Draydel

Deep thoughts, random insights, and musings by Susan Jacobs

Thursday, May 05, 2005

Stopping to smell the lilacs

Spring is my favorite season, and my favorite days of spring are the ones in which the lilacs are in bloom. They are dainty, fragrant blossoms in lovely shades of purple and white. On a breezy day, you can enjoy the scent of a lilac bush from half a block away. Perhaps because Louisa May Alcott wrote a book titled “Under the Lilacs” or perhaps because Freddy Ainsforth Hill sings, “Are there lilac trees in the heart of town? .. No, they’re just on the street where you live.” in “My Fair Lady,” or because Walt Whitman makes reference to their heart-shaped leaves in “When Lilacs Last in the Dooryard Bloomed,” or maybe just because they bloom in spring, I have always considered lilacs to be old fashioned and romantic.

In college, for a screen-writing class, I wrote an “Anne of Green Gables”-inspired short script (called “Lilacs in the Park”) about a young, starry-eyed teacher who loves lilacs. It was a silly, sweet story, and maybe someday I will have an adolescent daughter who will appreciate it -- it is certainly not ready for prime time.

This year, the lilacs have been lovely, but I have had few opportunities to enjoy them because the weather has been unseasonably cold. A couple of times, I have ventured out on what I call “lilac walks” to drink in the glory of about a dozen lilac bushes within a few blocks of my apartment, but the chilly weather has masked their scent and made it uncomfortable to linger outdoors. Last evening was a tad warmer, so I wandered the streets of my neigborhood for about 45 minutes, searching out as many lilac bushes as I could find. I am fascinated by the subtle differences in the color and shape of the flowers from bush to bush, and after quite a bit of wandering, finally found a bush whose fragrance equalled my memories of the one in my grandparents’ back yard in my childhood years.
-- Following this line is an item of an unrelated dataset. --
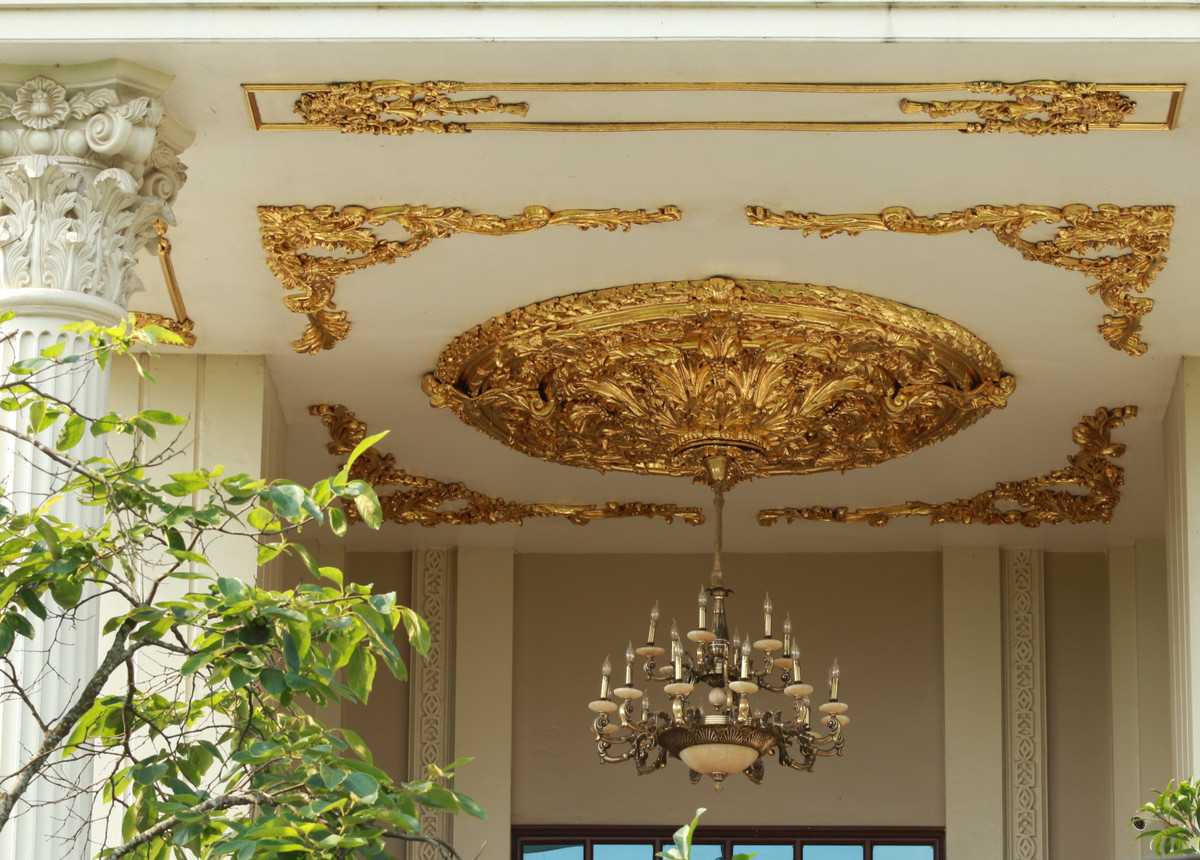 Bên trong công trình trang trí nhiều hoạ tiết dát vàng tạo nên vẻ lộng lẫy, nguy nga. Ảnh: Người đưa tin.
I often say that I go a tad crazy in spring, so obsessed am I with the rapid change in the landscape. I have mellowed a bit over the years, but still have to remind myself to keep my eyes on the road, instead of gazing at the dogwood trees and fiery azaleas as I drive past them. When I was a student in New York, I desperately missed the glories of spring, though I got small tastes of them in nearby parks and even tree-lined streets. Still, I am grateful to live now in place where I don’t have to search out nature, because it sits at my very doorstep.